The Ethiopian's Bible
Acts 8 relates the conversion of the Ethiopian eunuch. It is a familiar account. The last time I read it I got to thinking about one detail: the Ethiopian’s Bible. Consider that. . .
He had one. We seldom give it much thought, but the very fact that this man had a copy of Scripture is noteworthy. Books were handwritten in those days; that means they were rarer and more expensive than we think of them. The Ethiopian’s Bible must have been important to him.
He knew where it was. Years ago an elder and I visited a sister who seldom attended worship. She assured us that although she was rarely at church, she regularly prayed and read her Bible. The elder asked her to get her Bible so we could all read a few passages together (I was fairly certain which ones he had in mind). Ten minutes later she finally located it! The Ethiopian, in contrast, kept his Bible with him.
He read it. The Ethiopian had been to Jerusalem to worship, “and he was returning and sitting in his chariot, and was reading the prophet Isaiah” (v. 28). I assume he had either stopped for a break or else he had a driver! The point is, he did not own a Bible just to say he had one. He read it!
He read from the prophets. Did you notice what he was reading? The prophet Isaiah. Not his favorite story or his favorite psalm. There is nothing wrong with rereading those sections we especially love, but the Ethiopian was also interested in what can be the more challenging parts of Scripture.

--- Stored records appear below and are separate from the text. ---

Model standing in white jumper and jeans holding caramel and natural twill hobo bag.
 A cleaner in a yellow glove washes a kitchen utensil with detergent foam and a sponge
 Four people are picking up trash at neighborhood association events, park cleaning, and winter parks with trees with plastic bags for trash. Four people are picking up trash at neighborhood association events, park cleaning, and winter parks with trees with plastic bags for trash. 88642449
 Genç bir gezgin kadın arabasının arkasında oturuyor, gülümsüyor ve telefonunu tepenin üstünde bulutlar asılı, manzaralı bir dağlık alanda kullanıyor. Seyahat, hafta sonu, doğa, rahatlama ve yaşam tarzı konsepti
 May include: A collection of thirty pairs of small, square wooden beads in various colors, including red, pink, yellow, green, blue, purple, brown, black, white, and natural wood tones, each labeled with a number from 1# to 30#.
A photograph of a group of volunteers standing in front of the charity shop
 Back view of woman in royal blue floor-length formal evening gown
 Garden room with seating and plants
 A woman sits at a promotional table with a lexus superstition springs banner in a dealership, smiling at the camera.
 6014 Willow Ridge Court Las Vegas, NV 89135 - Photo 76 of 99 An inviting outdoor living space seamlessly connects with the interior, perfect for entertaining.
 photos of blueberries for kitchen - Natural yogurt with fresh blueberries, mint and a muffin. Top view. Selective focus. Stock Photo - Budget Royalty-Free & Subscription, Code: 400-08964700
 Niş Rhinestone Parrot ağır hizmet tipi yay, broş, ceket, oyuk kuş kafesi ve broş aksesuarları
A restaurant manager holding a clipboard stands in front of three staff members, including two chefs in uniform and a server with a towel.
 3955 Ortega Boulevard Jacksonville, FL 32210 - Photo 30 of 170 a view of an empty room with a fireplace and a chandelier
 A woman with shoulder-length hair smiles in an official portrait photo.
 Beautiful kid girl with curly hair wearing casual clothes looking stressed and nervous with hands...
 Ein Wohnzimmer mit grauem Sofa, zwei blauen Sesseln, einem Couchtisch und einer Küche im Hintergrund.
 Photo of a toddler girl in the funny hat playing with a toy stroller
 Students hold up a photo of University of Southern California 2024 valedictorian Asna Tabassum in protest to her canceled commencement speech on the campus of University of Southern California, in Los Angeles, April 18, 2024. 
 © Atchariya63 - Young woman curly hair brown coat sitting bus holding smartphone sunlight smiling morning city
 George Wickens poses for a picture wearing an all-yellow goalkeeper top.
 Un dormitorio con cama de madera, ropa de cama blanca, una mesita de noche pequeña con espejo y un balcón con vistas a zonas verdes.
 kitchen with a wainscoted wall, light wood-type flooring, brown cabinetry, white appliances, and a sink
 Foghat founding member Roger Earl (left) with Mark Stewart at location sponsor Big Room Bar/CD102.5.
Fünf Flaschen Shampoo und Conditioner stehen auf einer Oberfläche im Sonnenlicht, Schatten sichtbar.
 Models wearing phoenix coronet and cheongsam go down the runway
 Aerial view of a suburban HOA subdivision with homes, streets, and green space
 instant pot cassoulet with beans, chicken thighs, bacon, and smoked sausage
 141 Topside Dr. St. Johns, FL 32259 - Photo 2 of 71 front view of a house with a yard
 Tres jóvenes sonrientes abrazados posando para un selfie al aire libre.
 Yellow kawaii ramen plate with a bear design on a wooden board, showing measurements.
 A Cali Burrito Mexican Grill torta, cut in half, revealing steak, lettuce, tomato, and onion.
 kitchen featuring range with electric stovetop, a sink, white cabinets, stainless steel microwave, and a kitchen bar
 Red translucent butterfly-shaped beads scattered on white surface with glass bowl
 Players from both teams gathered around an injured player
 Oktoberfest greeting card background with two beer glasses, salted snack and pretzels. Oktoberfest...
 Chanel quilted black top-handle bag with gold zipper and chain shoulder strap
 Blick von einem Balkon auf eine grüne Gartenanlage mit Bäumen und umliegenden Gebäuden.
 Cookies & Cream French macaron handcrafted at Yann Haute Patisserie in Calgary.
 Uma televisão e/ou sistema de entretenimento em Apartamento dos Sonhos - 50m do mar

He wanted to know its meaning. The Ethiopian was reading what has now become a familiar text: Isaiah 53, a prophecy of Jesus’ death. At his point of knowledge, however, he did not understand the reference. But he wanted to, and he was glad to listen while Philip explained it to him. He knew the joy of gaining insight into God’s marvelous plan.
He acted on its message. Philip preached what Isaiah had prophesied—Jesus crucified for our salvation. That is the theme of the Bible. It is a message that calls for action on our part, acceptance of God’s offer of salvation by becoming Jesus’ disciples. That includes both faith in Jesus (v. 37) and baptism into Him (vv. 36, 38). The Ethiopian was anxious to act immediately on what he learned. He ordered the chariot to stop and was baptized at that moment.
His story became part of our Bible. Obviously, the Ethiopian’s Bible was limited to the Old Testament. For some reason, the Holy Spirit inspired Luke to include his story in the book of Acts, part of the New Testament, which is God’s revelation to all mankind for the rest of time. Why? The Ethiopian’s story, along with so many others, illustrates how to be saved, how to become Jesus’ disciple. Perhaps it was also included because it teaches us proper regard for the Bible.